[Data provided — start]

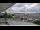 Webcam in Arlington, Washington, 8.4 mi away
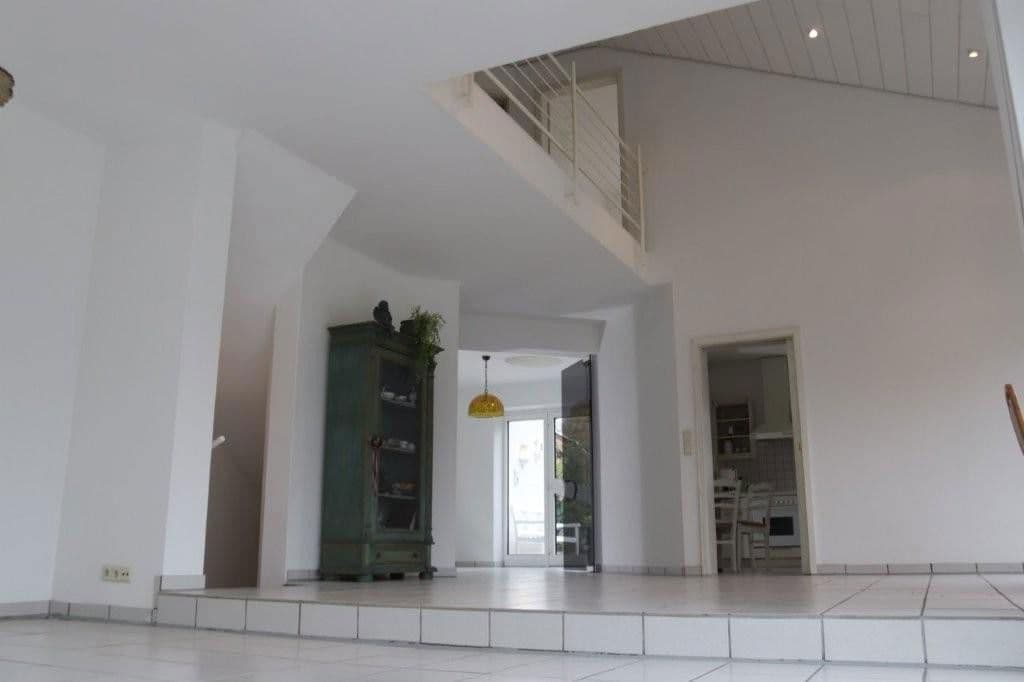 Predaj domu 202 m², pozemek 990 m², Paderborn, Severné Porýnie - Westfálsko Predaj domu 202 m², pozemek 990 m², Paderborn, Severné Porýnie - Westfálsko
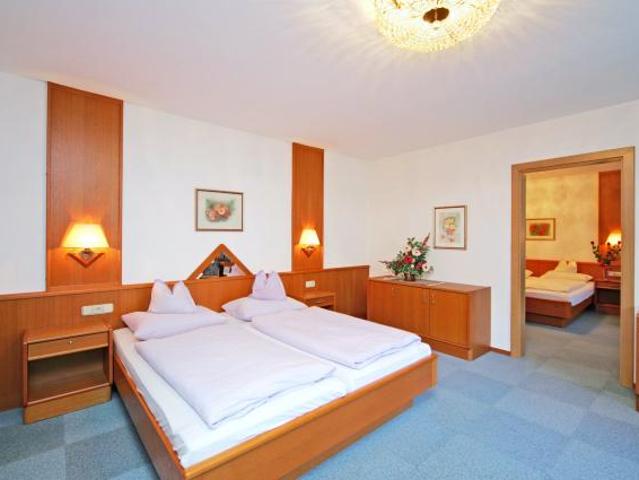 2 Schlafzimmer Haus Vienna Vienna LS66929514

[Data provided — finish]

## [What you have to do]
Everything in the data above gets copied exactly. Only the pictures are skipped.

## [Written answer]
 Webcam in Arlington, Washington, 8.4 mi away
 Predaj domu 202 m², pozemek 990 m², Paderborn, Severné Porýnie - Westfálsko Predaj domu 202 m², pozemek 990 m², Paderborn, Severné Porýnie - Westfálsko
 2 Schlafzimmer Haus Vienna Vienna LS66929514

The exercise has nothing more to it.